*What is being asked*.
Please restate the data that follows word for word, with the pictures left out.

*Given information*.

-- -- --

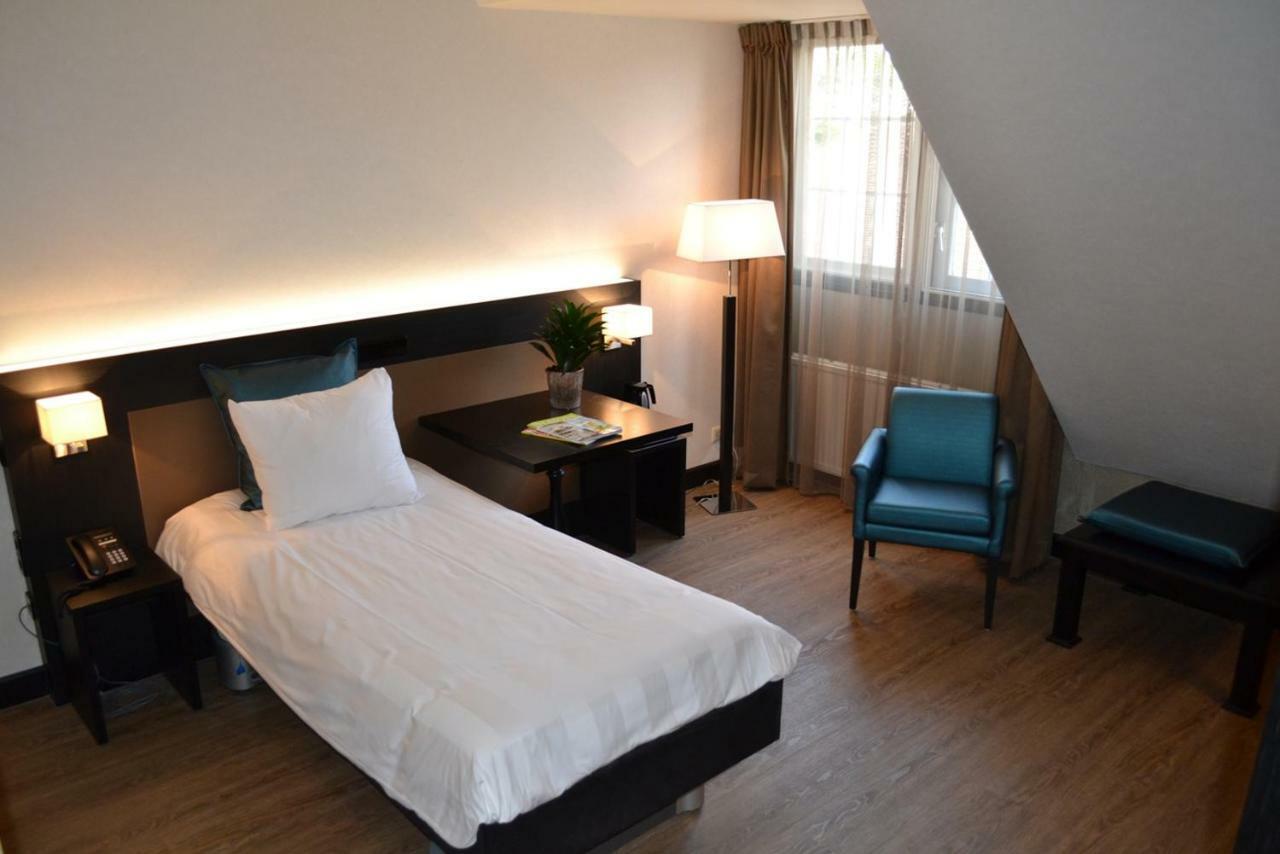 De Arendshoeve - Hotel & Restaurant Bergambacht 외부 사진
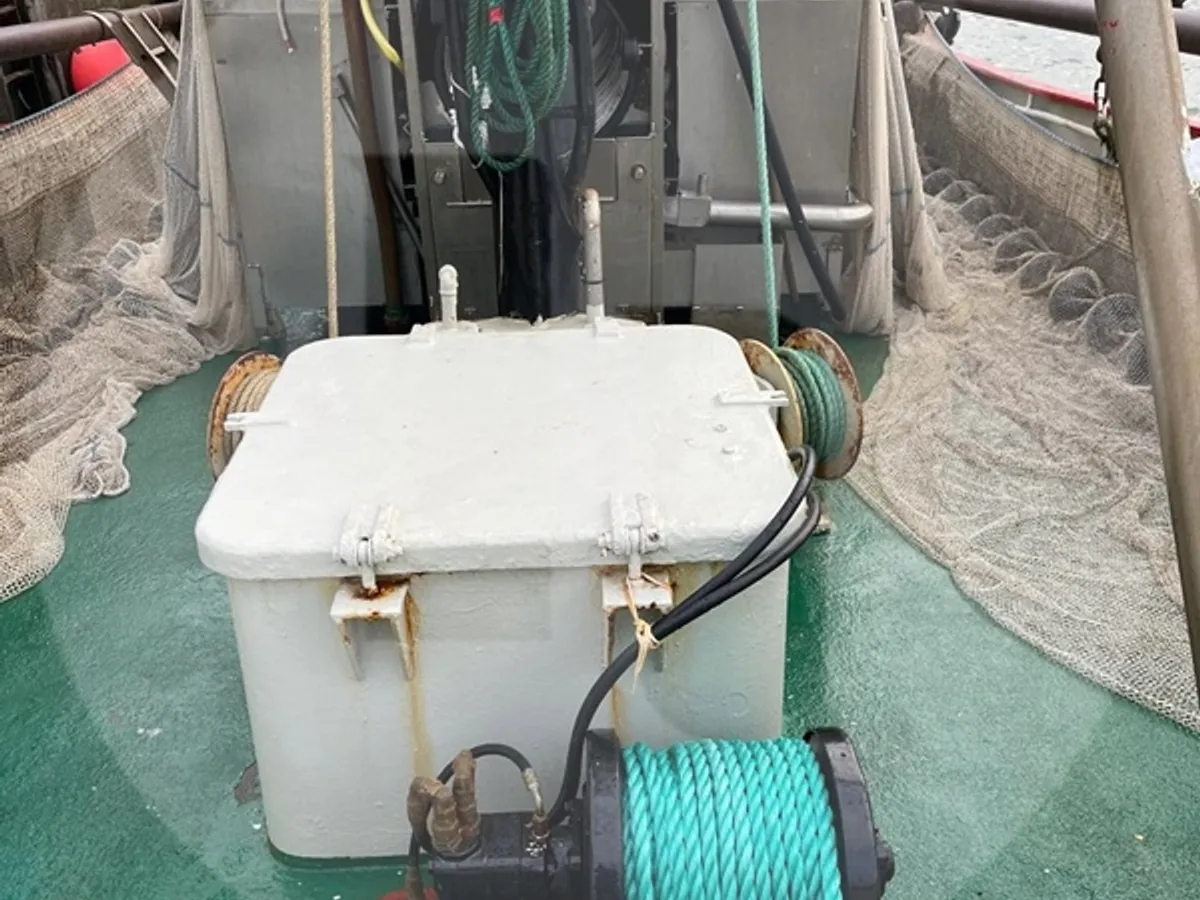 Tàu kéo lưới ngang để bán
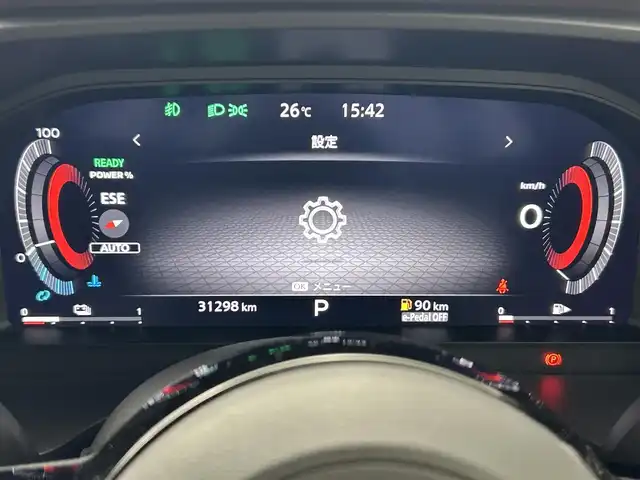 日産 エクストレイル G e－4ORCE 熊本県 2023(令5)年 3.2万km ダイヤモンドブラック 純正ナビ（ApplCarPlay・AndroidAuto・フルセグ・BT・USB）　/全周囲カメラ　/ビルトインＥＴＣ２．０　/純正前後ドライブレコーダー　/インテリジェントルームミラー　/パワーバックドア　/全席シートヒーター　/前席パワーシート/レーダークルーズコントロール/ハンドル支援/車線逸脱警報/標識認識機能/ふらつき警報機能/プロパイロット/踏み間違い防止/エマージェンシーブレーキ/ブラインドスポットモニター/前後クリアランスソナー/純正フロアマット/純正19インチAW/オートライト/オートマチックハイビーム/LEDヘッドライト/フォグランプ/スマートキー/プッシュスタート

-- -- --

*Reply to the task*.
 De Arendshoeve - Hotel & Restaurant Bergambacht 외부 사진
 Tàu kéo lưới ngang để bán
 日産 エクストレイル G e－4ORCE 熊本県 2023(令5)年 3.2万km ダイヤモンドブラック 純正ナビ（ApplCarPlay・AndroidAuto・フルセグ・BT・USB）　/全周囲カメラ　/ビルトインＥＴＣ２．０　/純正前後ドライブレコーダー　/インテリジェントルームミラー　/パワーバックドア　/全席シートヒーター　/前席パワーシート/レーダークルーズコントロール/ハンドル支援/車線逸脱警報/標識認識機能/ふらつき警報機能/プロパイロット/踏み間違い防止/エマージェンシーブレーキ/ブラインドスポットモニター/前後クリアランスソナー/純正フロアマット/純正19インチAW/オートライト/オートマチックハイビーム/LEDヘッドライト/フォグランプ/スマートキー/プッシュスタート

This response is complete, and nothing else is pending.